Federal Court returns complaint to information commissioner due to procedural unfairness

Complainant not heard on issue of whether to refer case to external dispute resolution

Federal Court returns complaint to information commissioner due to procedural unfairness

Australia’s Federal Court has found that the Australian information commissioner fundamentally misunderstood and misconstrued the nature of a recent privacy-related complaint, which challenged a company’s refusal to provide private information, not its refusal to delete the information. 

In February 2025, the applicant in Bilal v Australian Information Commissioner [2026] FCA 376 asked The Procare Group Pty Ltd for access to all personal information it held about him. In March 2025, the applicant made another request to Procare. 

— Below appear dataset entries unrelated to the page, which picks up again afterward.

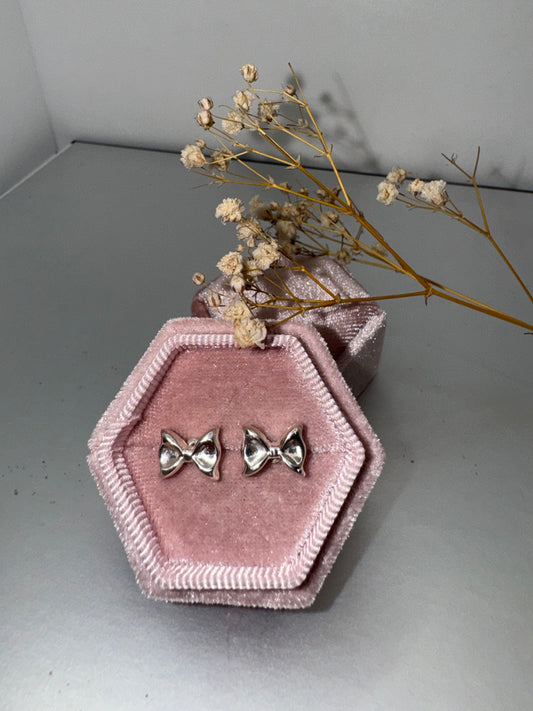 Fine Silver cute bow stud earrings, s999, coquette earrings, real silver jewellery, high end jewellery, precious metal clay, gift for her.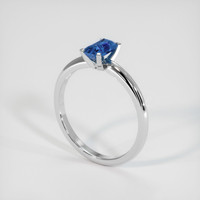 0.66 Ct. Sapphire Ring, 18K White Gold 2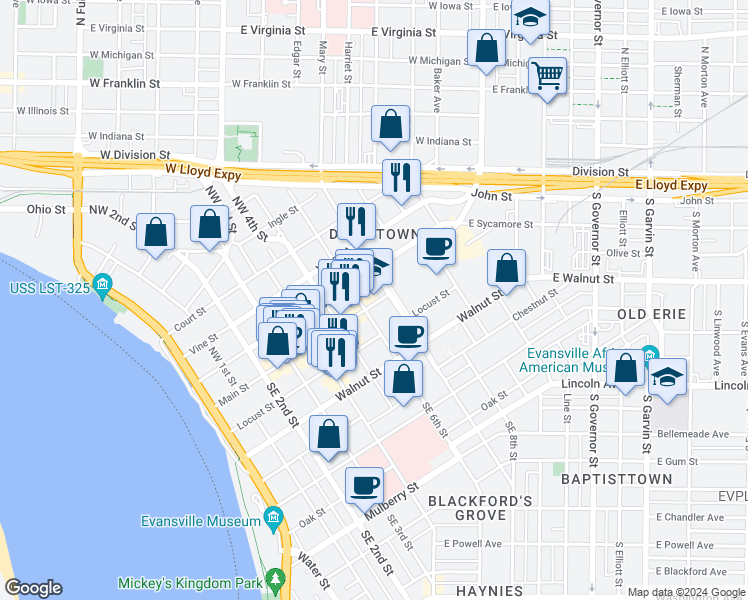 map of restaurants, bars, coffee shops, grocery stores, and more near 610 Main Street in Evansville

Denying the request, Procare claimed it was exempt from the requirements in the Privacy Act 1988 (Cth) because it collected or handled the requested personal information as a service provider under a state contract. 

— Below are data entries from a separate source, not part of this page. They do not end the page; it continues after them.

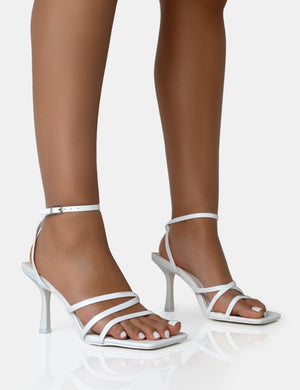 Mademoiselle White Pu Strappy Square Toe Mid Stiletto Heels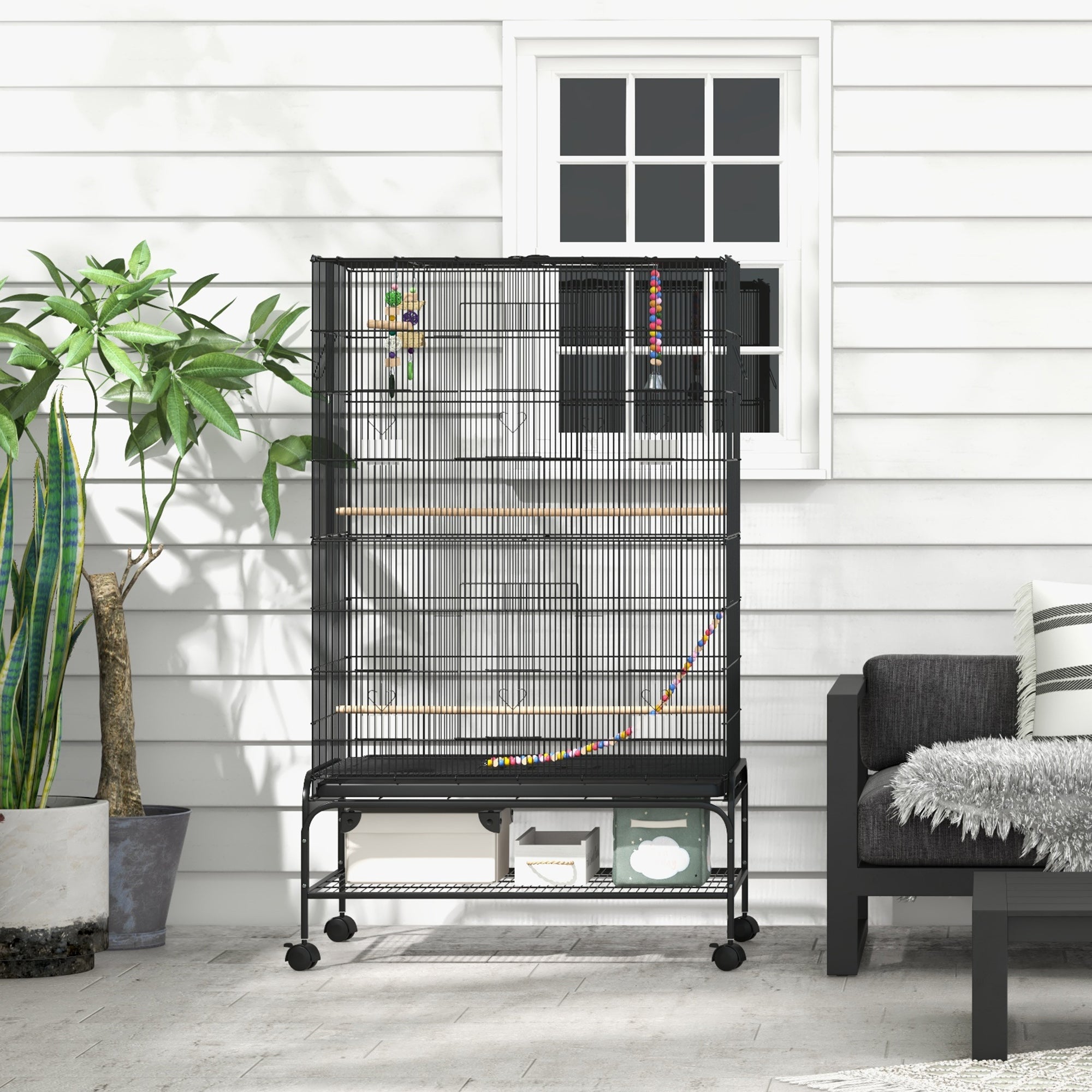 Bird Cage Bird Aviary with Perches, Wheels, Bottom Tray, Metal Birdhouse with Doors, Bird Toys, Budgerigar Cage for Birds, 97 x 58 x 160 cm
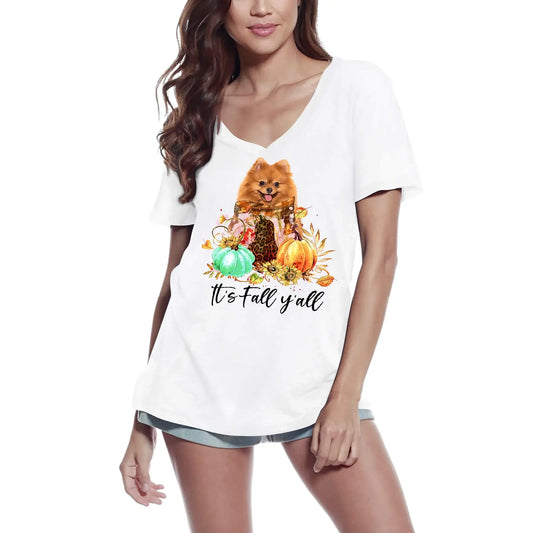Women's Graphic T-Shirt V Neck It's Fall Y'all - Pomeranian Dog Lover Eco-Friendly Ladies Limited Edition Short Sleeve Tee-Shirt Vintage Birthday Gift Novelty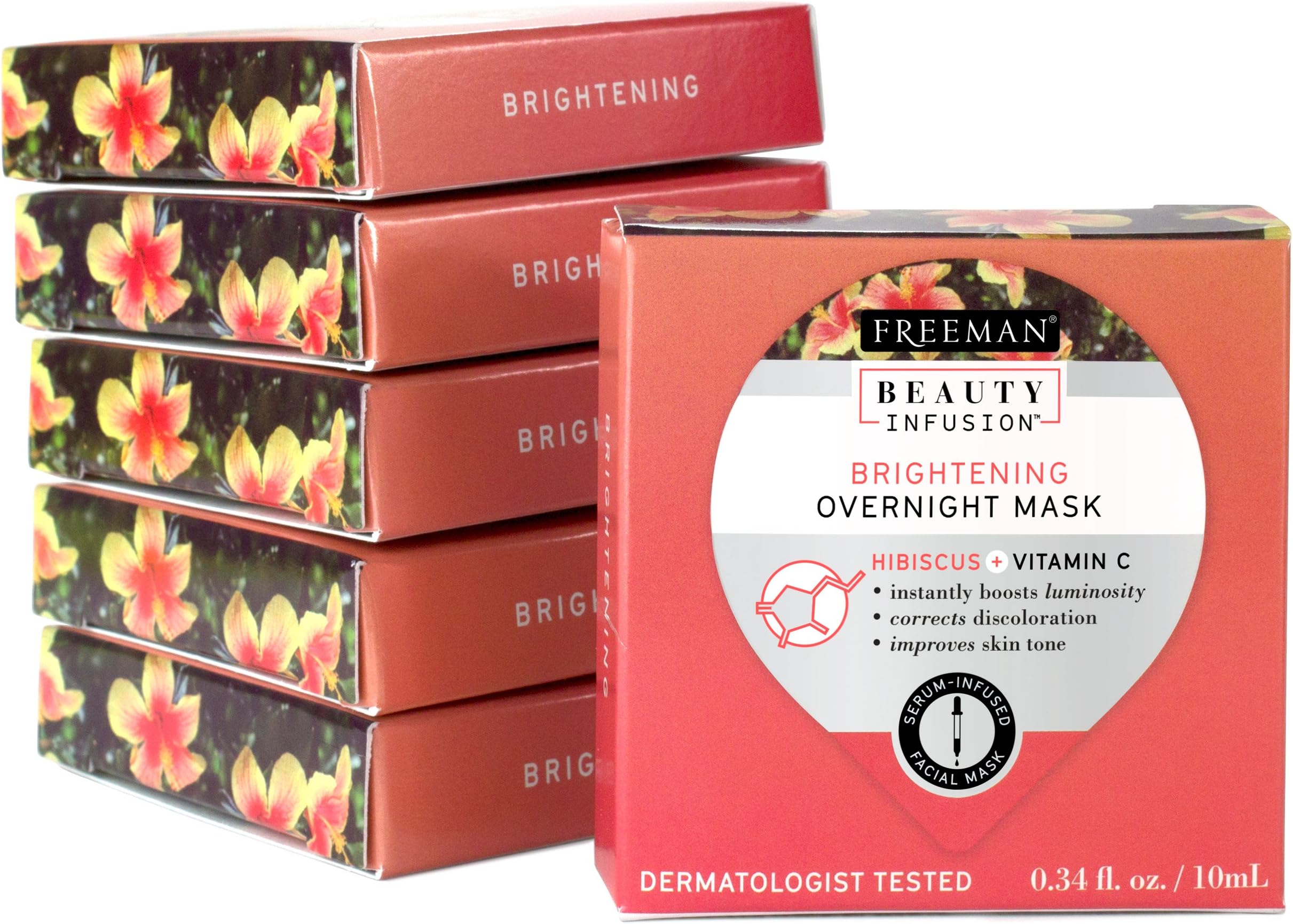 Beauty Infusion Freeman, Brightening Hibiscus + Vitamin C overnight Mask, 6 Count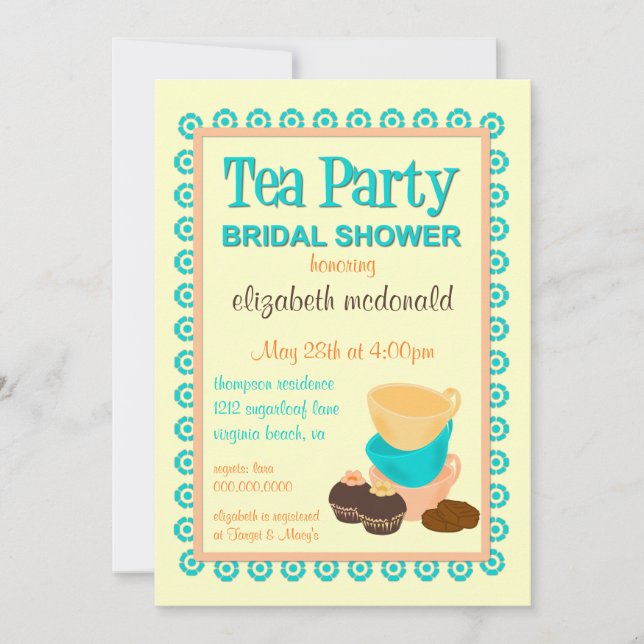 TBA - Bridal Shower Tea Party Invitation (Front)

On 24 April 2025, after the denial of another request, the applicant brought a complaint under s 36 of the Privacy Act before the Office of the Australian Information Commissioner. The complaint asked the Australian information commissioner to: 

  • Look into Procare’s rejection of his request 
  • Declare that a serious interference with his privacy had occurred 
  • Compel Procare to furnish full access to all personal and health information about him 
  • Investigate whether Procare had relied on the same allegedly unlawful reasoning in other cases 
  • Award him $10,000 in general damages, while reserving his right to pursue additional compensation 

On 22 August 2025, the commissioner’s delegate declined to investigate the applicant’s privacy complaint under s 41 of the Privacy Act. The applicant applied for a judicial review of this decision. 

The commissioner conceded that her delegate erred by basing the decision on the existence of a nonexistent fact and therefore lacked the evidence to justify making the decision under ss 5(1)(h) and 5(3)(b) of the Administrative Decisions (Judicial Review) Act 1977 (Cth) (ADJR Act). 

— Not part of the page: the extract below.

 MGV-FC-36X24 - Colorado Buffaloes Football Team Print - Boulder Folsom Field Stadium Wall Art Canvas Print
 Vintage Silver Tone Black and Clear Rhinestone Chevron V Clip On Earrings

The commissioner explained that the delegate found that the Australian Financial Complaints Authority could properly address the privacy complaint, without first inquiring whether that authority was an appropriate external dispute resolution scheme to investigate the complaint. 

Thus, the commissioner acknowledged that the court should set aside the decision and return the matter to her for a fresh decision under s 16(1)(b) of the ADJR Act. Despite the concession, the parties disagreed on how to characterise the error and what relief to grant. 

Material error found

The Federal Court of Australia set aside the 22 August 2025 decision declining to investigate the applicant’s complaint under s 16(1)(a) of the ADJR Act. 

The court referred the complaint to the respondent commissioner under s 16(1)(b) of the ADJR Act to issue a decision according to law. The court ordered the commissioner to pay the applicant’s application costs. 

The court declared that the commissioner unlawfully failed to afford the applicant procedural fairness – specifically, an opportunity to be heard on the issue of whether his complaint was suitable for reference to an external dispute resolution scheme – before deciding the complaint under s 41 of the Privacy Act. 

The court ruled that the commissioner’s misunderstanding of the complaint’s nature fell under multiple grounds in s 5(1) of the ADJR Act, including s 5(1)(d). 

The court noted that s 41(1) of the Privacy Act empowered the commissioner to decide not to investigate “an act or practice about which a complaint has been made.” The court held that choosing not to investigate the act that was not the subject of the complaint constituted a miscarriage of that power. 

The court thus saw an obvious and material error that justified quashing or setting aside the decision under s 16(1)(a) of the ADJR Act.